## ACTIVITY
Repeat each line of the material below exactly as it appears, minus any pictures.

## INPUT DATA
==============================
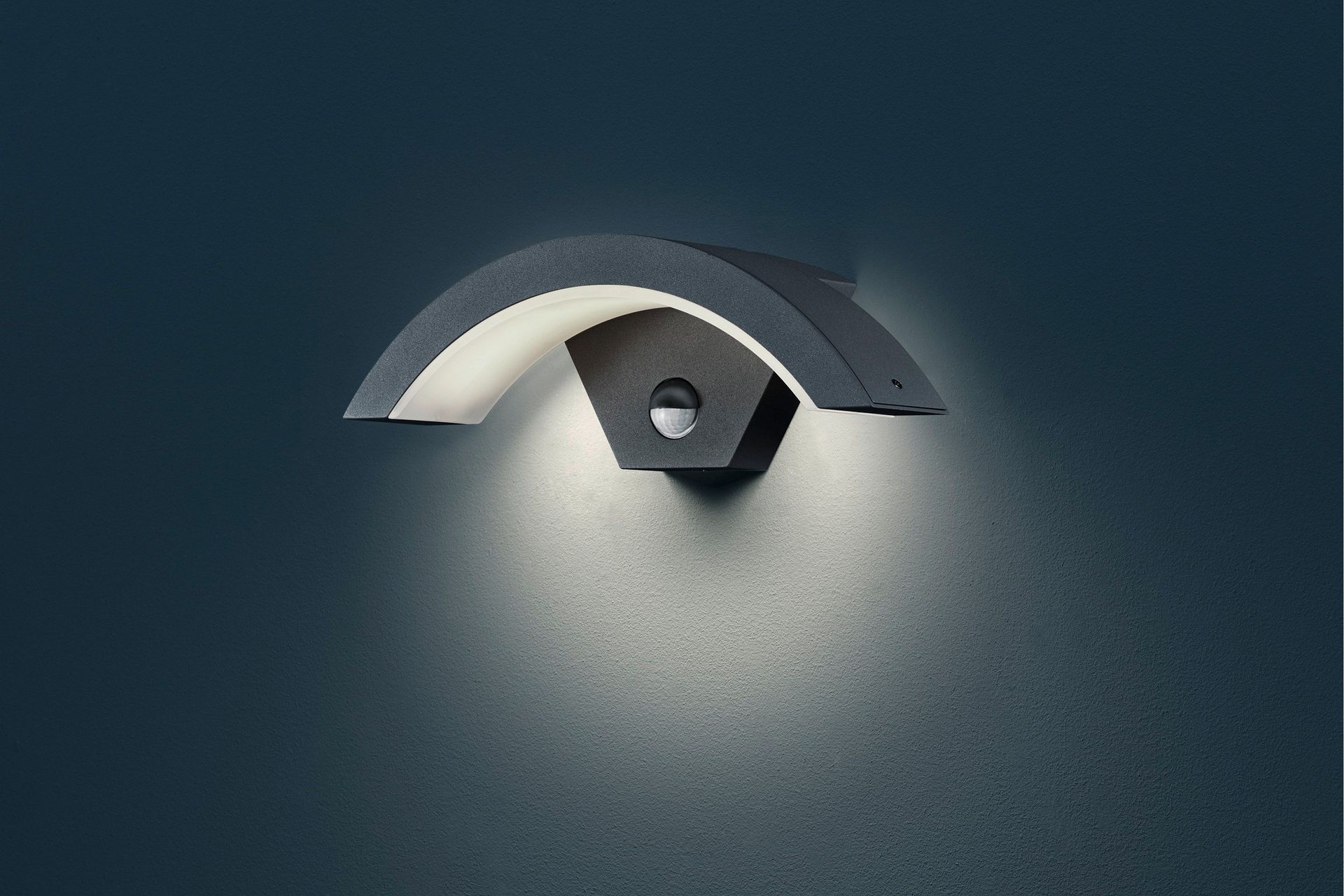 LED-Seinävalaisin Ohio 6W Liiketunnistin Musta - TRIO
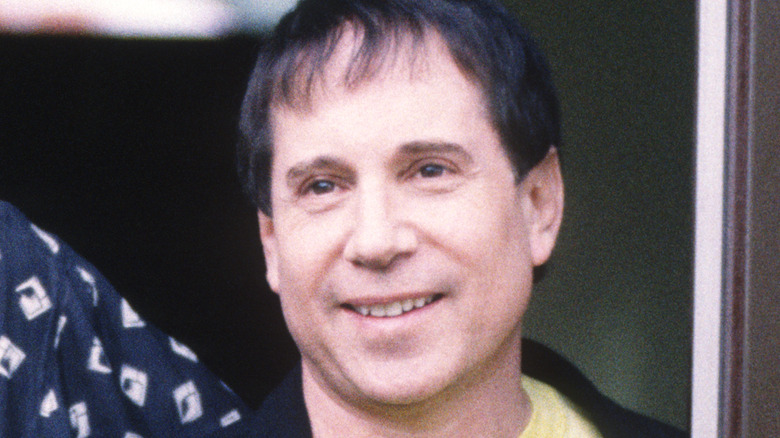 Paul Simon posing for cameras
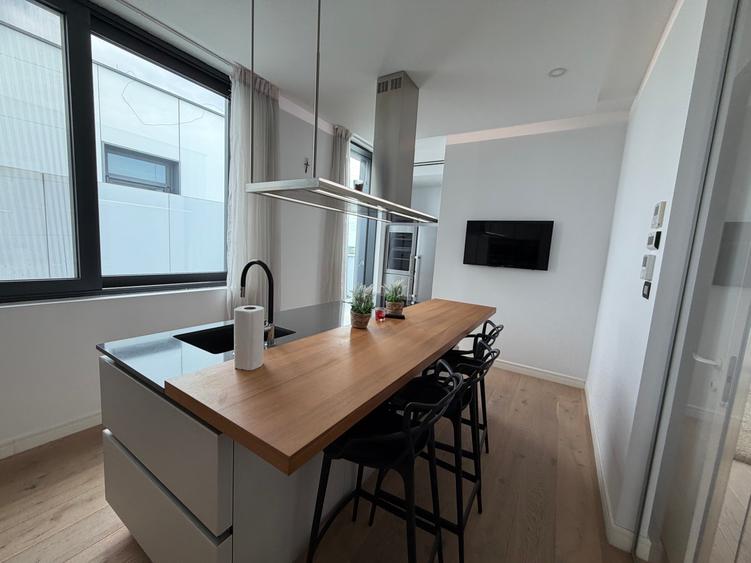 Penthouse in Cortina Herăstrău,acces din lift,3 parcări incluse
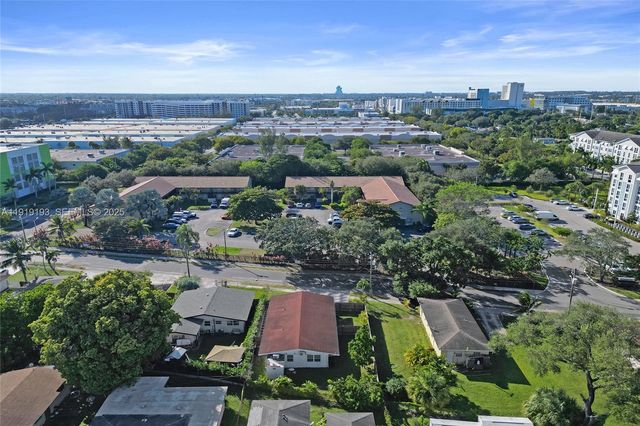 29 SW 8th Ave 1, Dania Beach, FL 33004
==============================
## REPLY TO THE TASK
 LED-Seinävalaisin Ohio 6W Liiketunnistin Musta - TRIO
 Paul Simon posing for cameras
 Penthouse in Cortina Herăstrău,acces din lift,3 parcări incluse
 29 SW 8th Ave 1, Dania Beach, FL 33004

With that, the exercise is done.